仲川:日本には市町村ごとに焼却場があり、そこでゴミを燃やして埋め立てています。土地が限られているのでやむを得ない面がありますが、とにかく燃やす。しかも、産業廃棄物と一般廃棄物、民間事業者のゴミと家庭ゴミと細かく分かれており、それぞれが焼却施設を保有しています。だから日本はとにかく煙突の数が多くなる。

 このように、日本は何でもかんでも燃やすけど、そもそも燃やす必要があるのかとモヤモヤしていた時に、アミタホールディングさんが「燃やさないゴミ処理もあるよ」と提案してくれました。

 僕らも極力燃やさないゴミ処理、資源循環を作りたい。そのショーケースとして一歩踏み出せればということで月ヶ瀬に「MEGURU-BIO」を置きました。まだ道半ばですが、将来的には生ゴミも収集できるようにして、サーキュラーエコノミーへの道筋をつけたいと思っています。

──資源ゴミの収集をLocal Coopに委託したことで、奈良市直営の時よりもコストは下がったのでしょうか。

仲川:あくまでも理論値ですが、行政が資源ゴミを収集していた時は年間160万円かかっていました。それが今は20万円なので、確実にコストは下がっています。
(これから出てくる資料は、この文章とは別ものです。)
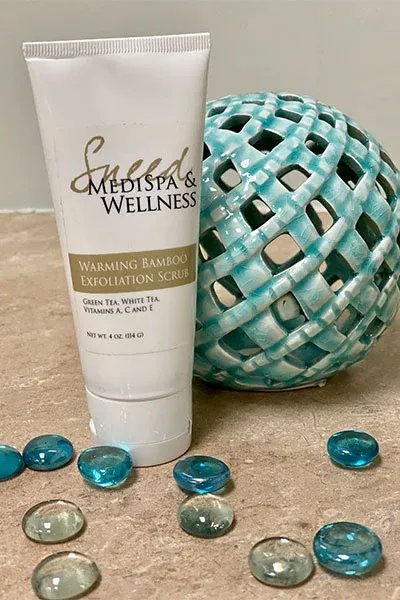 Warming bamboo exfoliation scrub.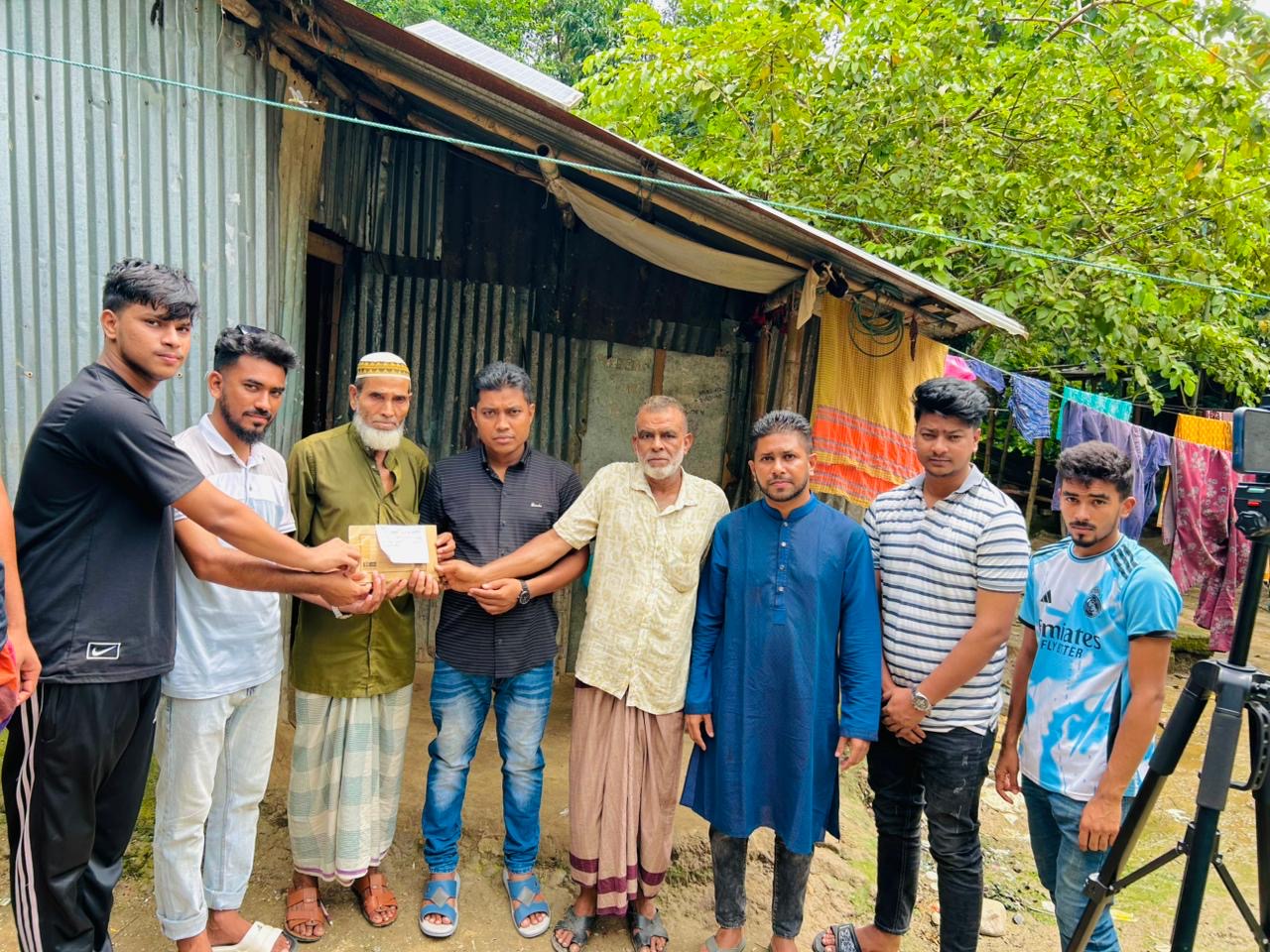 দিরাই সমাজ কল্যাণ সমিতি লম্বারদিয়া মিলান ইতালির পক্ষ থেকে সড়ক দুর্ঘটনায় আহত নীরব কে সহায়তা প্রদান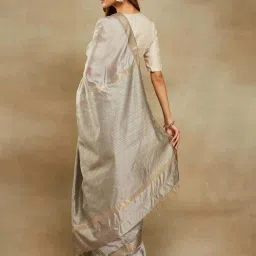 Fabindia Grey Woven Pattern Saree image 2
 ただ資源ゴミは、生ゴミを含む燃えるゴミに比べれば金額はそれほどでもありません。燃えるゴミの場合、収集にかかるコストは令和5年で約600万円でした。ここに、焼却や埋め立ての費用が別途かかる。やはり燃えるゴミは収集の回数がはるかに多いので、それだけコストがかかります。

 現状、月ヶ瀬では住民がONOONOにある「MEGURU-BIO」に生ゴミを持ち込む必要があるので日常的なところまではいっていませんが、今後、生ゴミを3分の1でも再資源のほうに回すことができれば、それなりの削減になります。

 もちろん、月ヶ瀬で終わるつもりはなく、こうしたゴミの再資源化は大和高原の全地区に広げていければと思っています。月ヶ瀬を含め、東部地域7地区の人口は約1万人いるので、予算削減効果もそれなりの規模になると思います。